Description of problem:
When uploading a Virtual Machine image to an FTP server curl fails to get the size of the block device correctly and errors the upload.
curl: (18) Uploaded unaligned file size (2147483648 out of 0 bytes)
Version-Release number of selected component (if applicable):
curl 7.15.5 (x86_64-redhat-linux-gnu) libcurl/7.15.5 OpenSSL/0.9.8b zlib/1.2.3 libidn/0.6.5
Protocols: tftp ftp telnet dict ldap http file https ftps
Features: GSS-Negotiate IDN IPv6 Largefile NTLM SSL libz
Create an LVM device and attempt to upload it to an FTP server
curl -T /dev/servers/vm-image-001 ftp://backup-server/incoming/vmsnapshot
curl: (18) Uploaded unaligned file size (2147483648 out of 0 bytes)

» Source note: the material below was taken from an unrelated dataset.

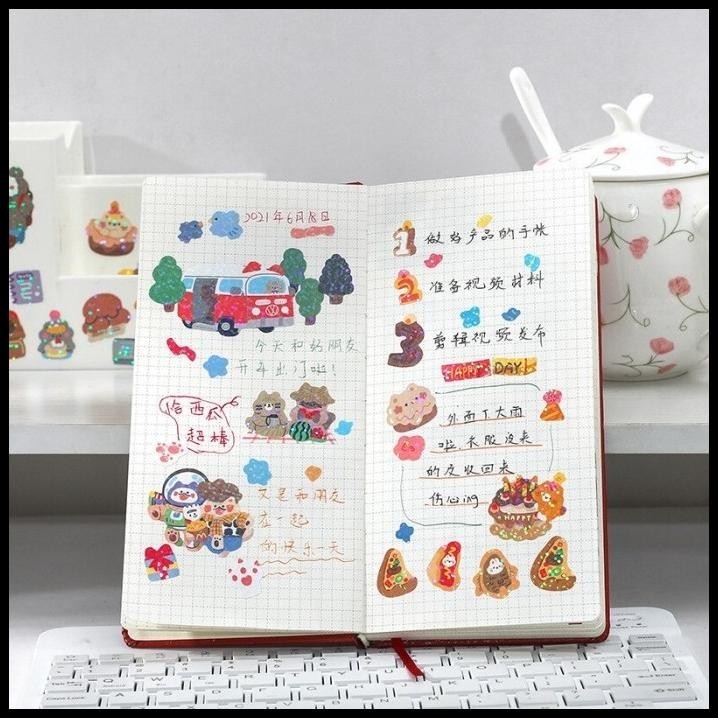 

DISKON GLITTER STICKER CUTE DECORATIVE PLANNER SCRAPBOOK CARTOON BEAR LASER !!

Upload completes without error.
Workaround is to redirect to stdin, although this removes the size consistency check completely.
curl -T - ftp://backup-server/incoming/vmsnapshot </dev/servers/vm-image-001
Could you please explain what you mean by 'curl fails to get the size of the block device correctly'?
What does the following command say?
$ stat /dev/servers/vm-image-001
Well the error "(2147483648 out of 0 bytes)" gives the game away. It's trying to get the size of a block special device.
"What does the following command say?
$ stat /dev/servers/vm-image-001"
As you would expect with LVM, it says it is a block special device - once you follow the symlink.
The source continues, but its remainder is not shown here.